Interestingly enough, it is possible - using the OPs approach.
If you want to truncate a 64-bit floating point number to a
32-bit one, pack it as float in the struct module, then unpack it.
Python will automatically pad the mantissa bytes with null bytes.

> because Python 
> forces a conversion to 64 bits float. The behaviour should be 
> documented. 

I think it's documented somewhere that a Python float is represented
with a C double. That should suffice, IMO.
msg131195 - (view) Author: Robert Withrow (Robert.Withrow) Date: 2011-03-16 23:25
I have to disagree.  It seems entirely reasonable to expect that unpack should return the same value passed to pack.  That it doesn't (as of 2.6.5 at least) is completely unexpected and undocumented.  And yes I understand the limitations of floating point numbers.

I suggest that struct should be fixed so that struct.unpack(fmt,struct.pack(fmt,v)) == v and format is something like '!f'.

This can be done in C code (I do it) for IEEE 754 floats.

At the very list this unexpected behavior should be documented in struct.
msg131203 - (view) Author: Martin v. Löwis (loewis) * (Python committer) Date: 2011-03-17 00:37
Robert: Can you please suggest an algorithm that would have given the result you expect (preferably as a C program, using a string literal as its input, for some platform)? Ideally, we would stick to the example given by the OP.
msg131234 - (view) Author: Mark Dickinson (mark.dickinson) * (Python committer) Date: 2011-03-17 08:05
I don't think this needs to be documented beyond the limitations of floating-point that are already documented in the tutorial.  It's the obvious behaviour:  double to float (when packing) converts to the nearest float;  the float to double conversion is exact.
msg131235 - (view) Author: Mark Dickinson (mark.dickinson) * (Python committer) Date: 2011-03-17 08:15
[Robert]
> I have to disagree.  It seems entirely reasonable to expect that
> unpack should return the same value passed to pack.

Robert:  notice that a *Python* float (a *64-bit* C double internally) is here being stored as a *32-bit* float, losing precision.  So no, it's not at all reasonable to expect that unpack should return the same value passed to pack---it's mathematically impossible for it to do so.  There are (around) 2**64 distinct Python floats, and only 2**32 ways to pack them using '<f'.

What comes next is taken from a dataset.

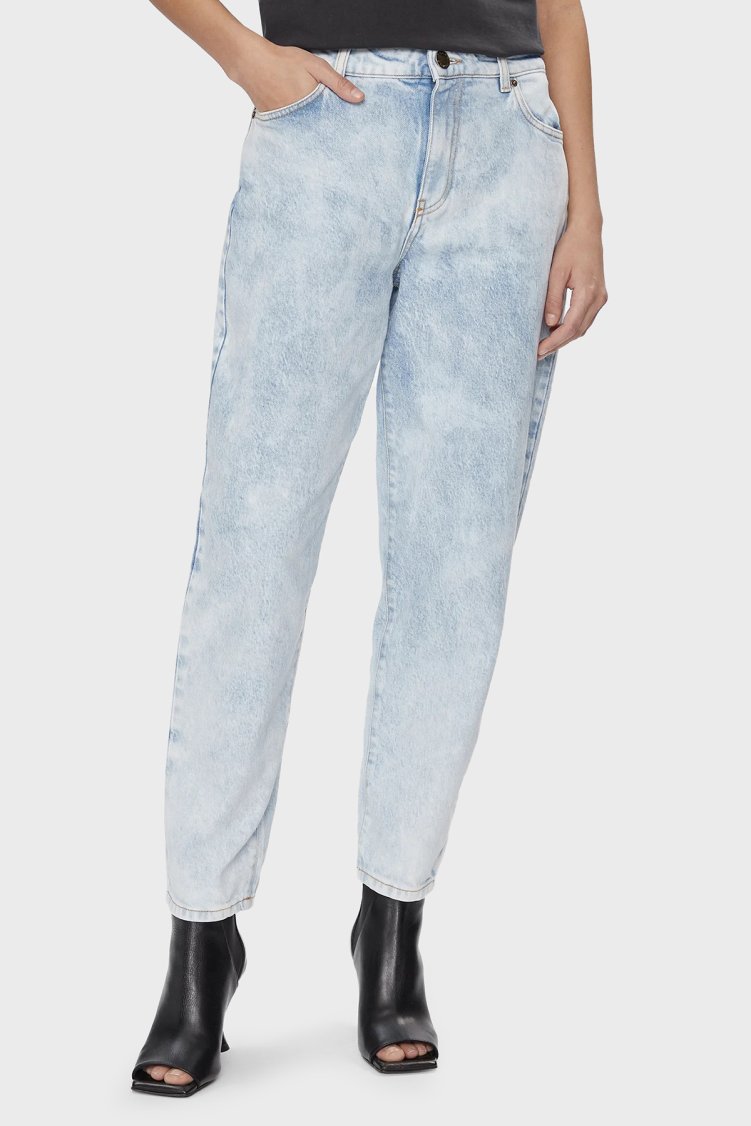 Pinko Pamuklu Yüksek Bel Mom Jeans Kadın Kot Pantolon 100379A1MSPJ1 Buz Mavisi - Pinko (1)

When packing / unpacking using '<d', it *is* reasonable to expect the value to be recovered exactly, and as far as I know that's always what happens (barring peculiarities like NaN payloads not being reproduced exactly).
msg131264 - (view) Author: Robert Withrow (Robert.Withrow) Date: 2011-03-17 16:13
Martin: in C I have the luxury of using 32 bit floats; not an option in Python.  Simple code doing the moral equivalent of NTOHL(HTONL()) works in this case for C but wouldn't help for Python.

Mark: I understand about the precision truncation issue and how Python does floating point arithmetic.  This C code clearly demonstrates what is going on:

#include <stdio.h>

int main(int argc, char *argv[])
{
  double d1 = 6.21;
  float f = 6.21;
  double d2 = f;
  
  printf("double: %.15f\n", d1);
  printf("float: %.15f\n", f);
  printf("double converted from float: %15.15f\n", d2);
}

The point here is about the contract of struct, NOT how Python does floating point arithmetic.  The contract is: what pack packs, unpack will unpack resulting in the original value.  At least, that is what the documentation leads you to believe.

For the 'f' format character, this contract is broken because of a basic implementation detail of Python and there is nothing in the documentation for struct that *directly* lets you know this will happen.  After all, the mentions in the documentation about 32 bit versus 64 bit talk about C not Python!

Even worse, there is no straightforward way (that I'm aware of) to write portable tests for code using the 'f' format character.  In my case I'm writing a tool that creates message codecs in multiple languages and the most basic unit test goes something like this:

m1 = example.message()
m1.f1 = 6.21
b = m.encode() # uses struct pack
m2 = example.message(b) # uses struct unpack
if m1 != m2:  # rich comparison
  print('fail')

This test will fail when you use the 'f' format code.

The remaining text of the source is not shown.